Mit dem Erfolg kommen auch die Spannungen

Simmons Erinnerung an die Zeit ist 50 Jahre später etwas neblig. «Nur anderthalb Jahre nach der Bandgründung haben wir in Kalifornien im Anaheim-Stadion gespielt», behauptet er, «ohne Hitalbum, ohne Videos, ohne alles.» Ganz so schnell ging es allerdings nicht. Tatsächlich findet der Auftritt in Anaheim im August 1976 statt – nach Veröffentlichung des Live-Albums «Alive!», das Kiss den Durchbruch bringt, und nach «Destroyer», das heute als Magnum Opus der Gruppe gilt.
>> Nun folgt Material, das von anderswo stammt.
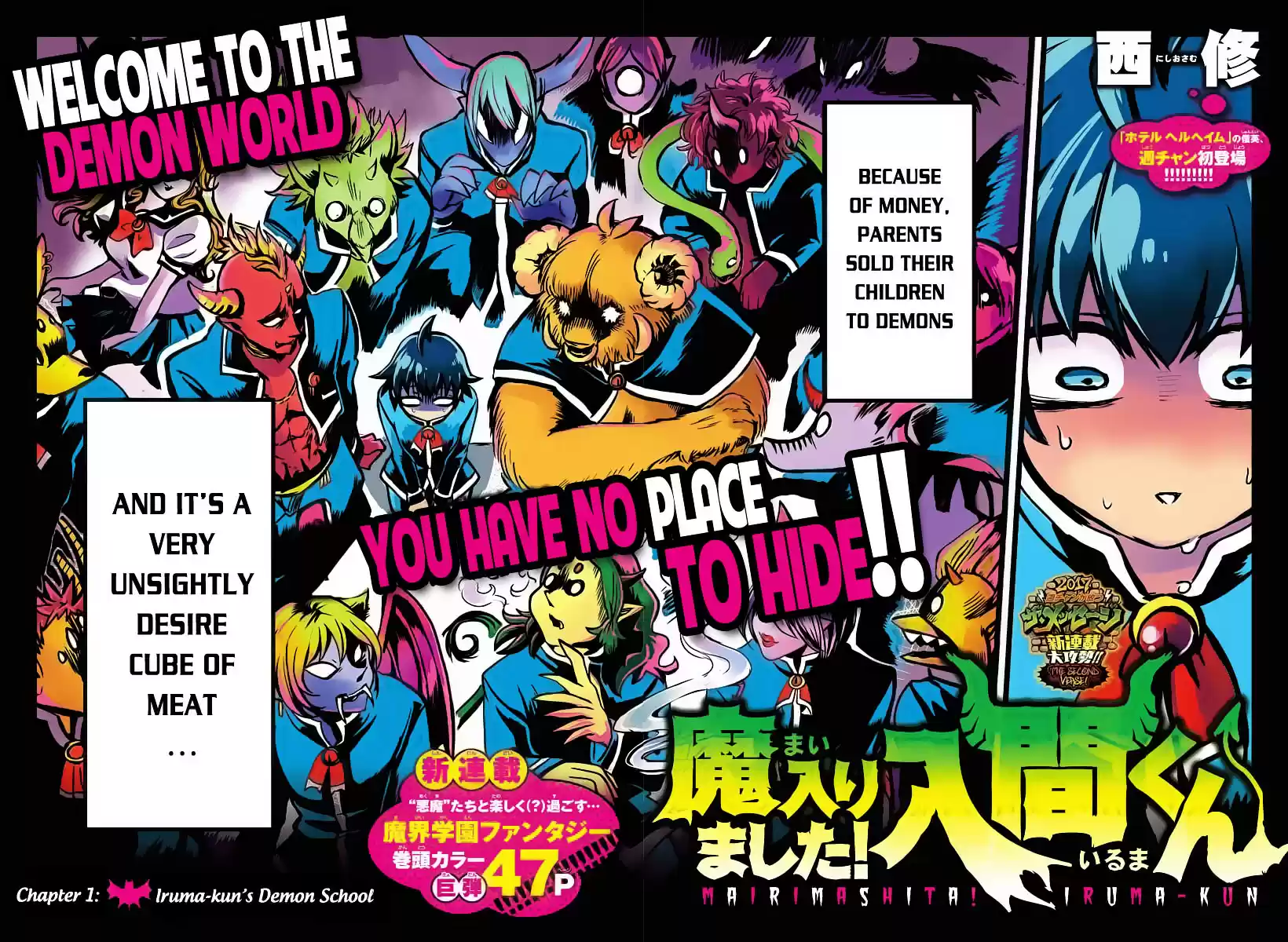 Mairimashita! Iruma-kun ch.1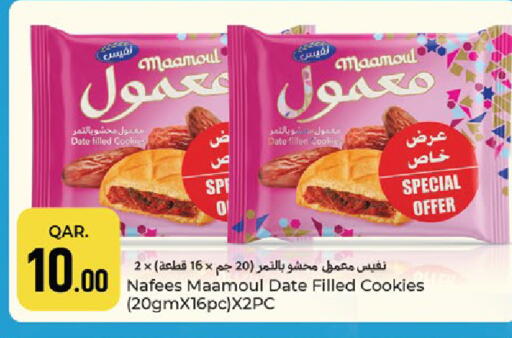 Date available at Paris Hypermarket in Qatar - Al Khor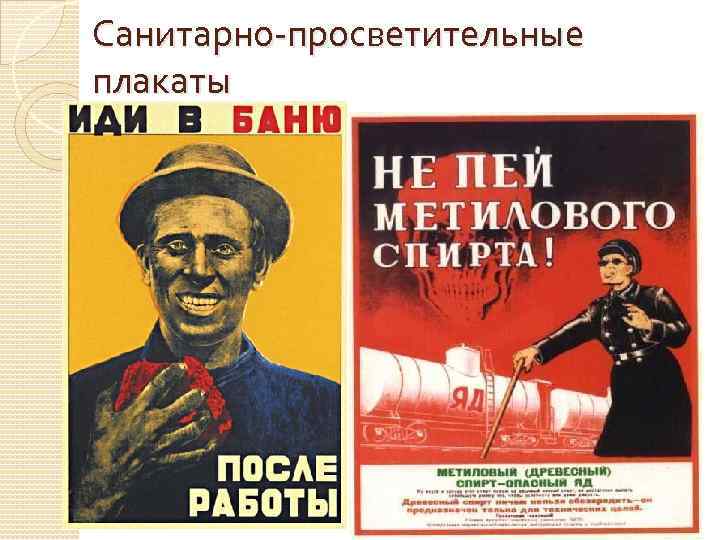 Санитарно просветительные плакаты Санитарно просветительные плакаты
Mit dem Erfolg nehmen die Spannungen in der Gruppe zu, die schließlich zum Ausstieg von Peter Criss und bald darauf auch Ace Frehley führen. «Der Ruhm verändert dich nicht. Er erlaubt dir nur, das Arschloch zu sein, das du schon bist», sagt Stanley in dem Dokumentarfilm «Kiss – Die heißeste Band der Welt».

Simmons und Stanley machen mit Kiss immer weiter, zwischenzeitlich sogar mehr als zehn Jahre ohne das berühmte Make-up. Nach mehreren Besetzungswechseln – darunter ist eine umjubelte Reunion mit Criss und Frehley – sind heute Gitarrist Tommy Thayer und Schlagzeuger Eric Singer in der Band. Beide sind seit über 20 Jahren dabei.

Im Sommer spielen sie in Deutschland

Im Jubiläumsjahr setzen Kiss ihre Abschiedstournee fort und erwecken den Eindruck, dass sie eigentlich gar nicht aufhören wollen. Immerhin geht die «End Of The Road»-Tour nun schon ins fünfte Jahr. Im kommenden Sommer wollen es Simmons und Co. in München, Dresden, Berlin, Mannheim und Köln krachen lassen. Mit Feuer und Kunstblut.

«Wir haben immer unser eigenes Ding durchgezogen», betont er. «Wir haben ein wenig mit Disco herumgespielt – mit „I Was Made For Loving You“. Wir haben ein paar Balladen gemacht und sowas alles. Aber im Großen und Ganzen, wenn man es sich anschaut: Gitarren, Gitarren, Gitarren. Wir haben zu unseren eigenen Bedingungen gewonnen.»

50 Jahre nach dem nun historischen ersten Auftritt im Popcorn Pub ist «The Demon» also äußerst zufrieden mit der Karriere von Kiss. Würde der 73-jährige dem 23-jährigen Gene Simmons gern etwas sagen? «Ja. Ich würde ihm sagen: Mach alles genauso.»